A modification of this is that "you can't judge them by modern view points." But I imagine a sizable specific population back then also viewed slavery negatively.
A modification of this is that "you can't judge them by modern view points." But I imagine a sizable specific population back then also viewed slavery negatively.
That is pure nonsense. Ask any anthropologist. Human are the same as we’ve always been. Every single one of them, as is the case today, knew it was wrong.
That i have to disagree with about knowing it was wrong. We can make all sorts of justifications to inflict harm on an outgroup that many people will internalize. Whether or not such justifications are fashionable or legal in society at any given time is the temporal aspect.
Simply not true. And you’re conflating two things. Historiography teaches to not use that to skew objective analysis. Again, ask any anthropologist or classicist.
Yeah, I am not disagreeing with not using those grounds to skew objective analysis. I am saying people are perfectly capable of believing post-facto bullshit to give permission to doing horrible shit.
I didn’t think you were. My point is they can’t lie to themselves. I’m getting out of my lane but physiologically humans are the same.
Gonna agree on that.
And I totally get what you’re saying. The morality was definitely worse and worse things were acceptable.
Whether or not a slaver deserves to have a personal meeting with John Brown is timeless.
Knowing it was wrong vs knowing it causes suffering
Nah, I think they knew it was wrong the way we know genocide and fascism are wrong here- but people are willing to play stupid or rationalize it if it benefits them.
Beliefs can do primarily two things. Create a permission structure for all the horrible shit you want to do or constrain your actions so you comport in accordance with those beliefs.
But the entire time, you know it’s wrong. That’s the basic point here.
No, I fully believe in the ability for a person to twist themselves into knots to believe that an evil is good for "reasons".
I don’t disagree that those people exist, but I’d argue that the few who truly believe that would be statistically insignificant. It would about the same percentage as the flat earthers who actually believe the earth is flat.
So, 100%? Nobody calls themselves a flat earther for teh lulz, those people sincerely think they're getting one over on the scientific community.
They absolutely do. They just want to belong to a club.

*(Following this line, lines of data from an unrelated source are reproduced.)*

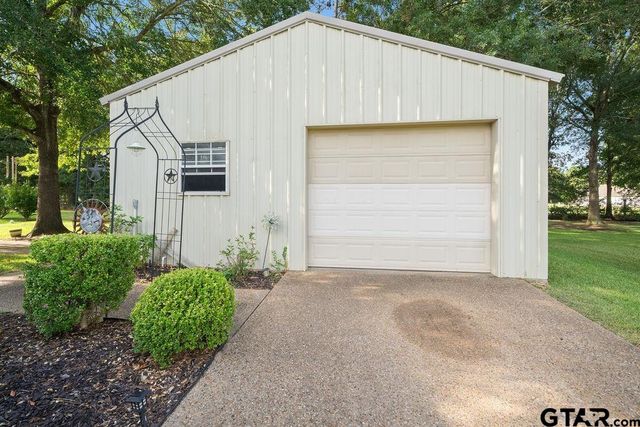 139 CR 2910, Mineola, TX 75773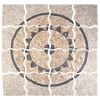 Product Thumbnail Image 2 of 6
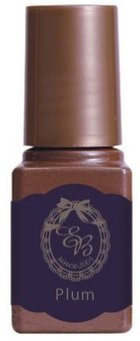EB(エターナルベーシック) ボトルジェルカラー tuya-32 プラム (6mL) A7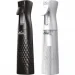 Shave Factory  The  (840302412107)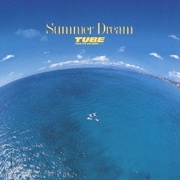 Summer Dream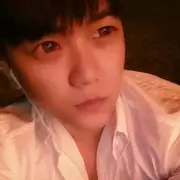 世间再无季少禹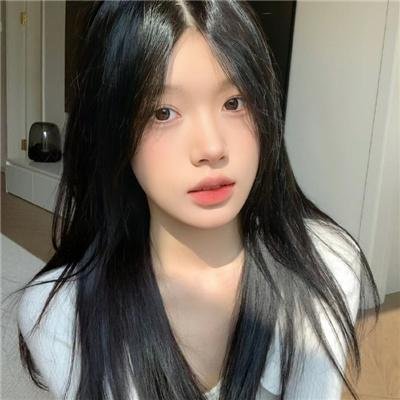 穿越雪季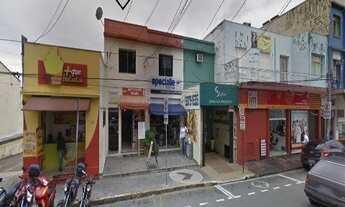 Imagem: SALA para Locação na RUA RANGEL PESTANA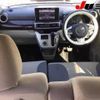 daihatsu cast 2016 -DAIHATSU--Cast LA250S-0045464---DAIHATSU--Cast LA250S-0045464- image 9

They know the earth isn’t flat.
Man, you should see some documentaries where the flat earthers do some science and it unequivocally points to a curved earth and see how they react and justify themselves. People will believe some shit to belong in a group.
Maybe, but I think people enjoy doing admittedly evil things. Like Israel mocking starving and dying Palestinians. There's no way they think it's good, they just enjoy it.
I don't like the whole "maybe they had a belief that made it make sense", like ... the belief was they hated doing their own labor and hated Black people
The exploitation of outgroups are politely expressed in the belief of deficiencies of the outgroups that justifies that they are exploited or ,sometimes less politely, the belief in the virtues of the in group to exploit.
This how is how we conceptualize justifications to the innate monkey moral conflict of "be a dick if I can get an advantage" vs "don't be a dick because harmony with the group is beneficial"
Whether or not that belief is that people are better off enslaved or there is an underlying more honest belief that the strong have the inherent right to enslave is unimportant for outcomes and is more of a political issue than moral.
The belief was that it was wrong but they didn't care and who was gonna stop them, essentially. They didn't care about Black people enough to inconvenience themselves even a little. Much like today.
I would have to disagree with that. Some people justified slavery as a net good for black people that it was better than the lives they would have had in Africa. A lot of people were pretty indifferent to slavery, even in the North. Keep in mind most people had zero idea about the horrors of slavery
They know enslaving another human being is wrong. Humans have never not known that. Every generation should be judged by that universal fact.
I think you're giving too much credit to 19th century people. Hardline abolition of slavery was a fringe stance even in the North in the antebellum years.
I’m not giving them anything. You’re arguing morality vs innate sense of wrong. They aren’t the same thing.
I didn’t mean it to insult so apologies if it came across that way. I just meant that humans innately know it’s wrong to enslave other humans. What they do from there is a whole other can of worms.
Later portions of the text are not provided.